الرئيسية/المدونة/Robotic Arm Safety Standards: What ISO 10218 and ISO/TS 15066 Mean for Your Facility
Industrial Automation7 دقائق قراءةMarch 28, 2026

Robotic Arm Safety Standards: What ISO 10218 and ISO/TS 15066 Mean for Your Facility

A practical guide to the safety standards that govern industrial and collaborative robot deployments.

Robotic arm safety is governed by a two-layer standard framework that applies to virtually every industrial deployment worldwide. Understanding what these standards require — and when they apply — is a compliance obligation for any facility deploying robotic automation, and a practical guide to safe cell design.

ISO 10218: The Foundation Standard

ISO 10218, published in two parts, defines safety requirements for industrial robots (Part 1: the robot itself) and for robot systems and integration (Part 2: the installation).
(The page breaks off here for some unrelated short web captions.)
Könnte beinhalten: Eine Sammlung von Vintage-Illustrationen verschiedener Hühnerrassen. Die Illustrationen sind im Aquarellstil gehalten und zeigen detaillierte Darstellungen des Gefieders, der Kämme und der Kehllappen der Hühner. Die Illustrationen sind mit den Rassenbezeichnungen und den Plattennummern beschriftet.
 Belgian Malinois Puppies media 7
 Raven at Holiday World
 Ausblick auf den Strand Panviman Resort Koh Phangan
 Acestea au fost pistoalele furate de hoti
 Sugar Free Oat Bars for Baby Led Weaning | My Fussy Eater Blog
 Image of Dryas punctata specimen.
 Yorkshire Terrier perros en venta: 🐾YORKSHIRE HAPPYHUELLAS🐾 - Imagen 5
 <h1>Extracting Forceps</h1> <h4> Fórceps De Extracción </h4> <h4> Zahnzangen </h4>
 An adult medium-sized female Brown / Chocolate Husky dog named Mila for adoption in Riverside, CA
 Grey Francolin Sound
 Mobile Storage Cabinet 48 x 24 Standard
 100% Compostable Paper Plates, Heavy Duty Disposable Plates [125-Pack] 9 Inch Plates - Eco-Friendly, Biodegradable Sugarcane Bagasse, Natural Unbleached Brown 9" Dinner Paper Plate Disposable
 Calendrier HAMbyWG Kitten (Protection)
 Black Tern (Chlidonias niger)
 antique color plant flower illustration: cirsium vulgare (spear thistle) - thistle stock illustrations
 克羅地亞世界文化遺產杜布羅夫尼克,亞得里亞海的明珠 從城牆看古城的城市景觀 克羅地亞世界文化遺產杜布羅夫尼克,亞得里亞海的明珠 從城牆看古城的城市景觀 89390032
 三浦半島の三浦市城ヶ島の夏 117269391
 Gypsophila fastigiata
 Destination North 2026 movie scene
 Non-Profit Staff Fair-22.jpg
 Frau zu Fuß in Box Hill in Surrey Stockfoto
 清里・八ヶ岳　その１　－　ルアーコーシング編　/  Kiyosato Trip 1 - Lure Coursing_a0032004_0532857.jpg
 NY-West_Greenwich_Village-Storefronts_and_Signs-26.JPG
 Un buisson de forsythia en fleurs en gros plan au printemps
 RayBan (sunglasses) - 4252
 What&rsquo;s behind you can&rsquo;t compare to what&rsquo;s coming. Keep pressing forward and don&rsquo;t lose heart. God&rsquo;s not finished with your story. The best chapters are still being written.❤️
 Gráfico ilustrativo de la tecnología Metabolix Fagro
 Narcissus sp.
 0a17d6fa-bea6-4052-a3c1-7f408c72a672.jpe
Part 2 is the working document for safety engineers and integrators, covering risk assessment methodology, safeguarding requirements for different hazard zones, emergency stop functions, and the verification and validation testing required before a robot cell can be commissioned for production.

The standard's core principle is risk reduction in the following hierarchy: inherent safe design, safeguarding (guards and safety devices), and information (warnings and instructions). Guarding options include hard barriers, pressure-sensitive safety mats, safety light curtains, and safety laser scanners — each appropriate for different access patterns and cycle requirements.

ISO/TS 15066: Collaborative Operations

ISO/TS 15066 extends the framework specifically to human-robot collaborative operations — the scenarios where the robot and a human operator share workspace simultaneously. It defines four collaboration modes and, critically, the biomechanical contact force and pressure limits that define the boundary between safe contact and injury risk.

These limits drive cobot speed restrictions: the robot must be slow enough that any contact event dissipates energy below the injury threshold for the relevant body region. The practical implication is that cobots operating in the speed range needed for high throughput are typically doing so in areas where the human has been removed, not in genuine collaborative mode.

Risk Assessment: The Project Deliverable

The legally relevant output of the safety standard framework is a documented risk assessment for the specific robot cell. This document identifies the hazards, assesses the severity and probability of harm, identifies the risk reduction measures applied, and records the residual risk after those measures are in place. In most jurisdictions, this document is required for CE marking (Europe) or as part of OSHA compliance documentation (US). Our engineering team produces this documentation as a standard project deliverable for every installation.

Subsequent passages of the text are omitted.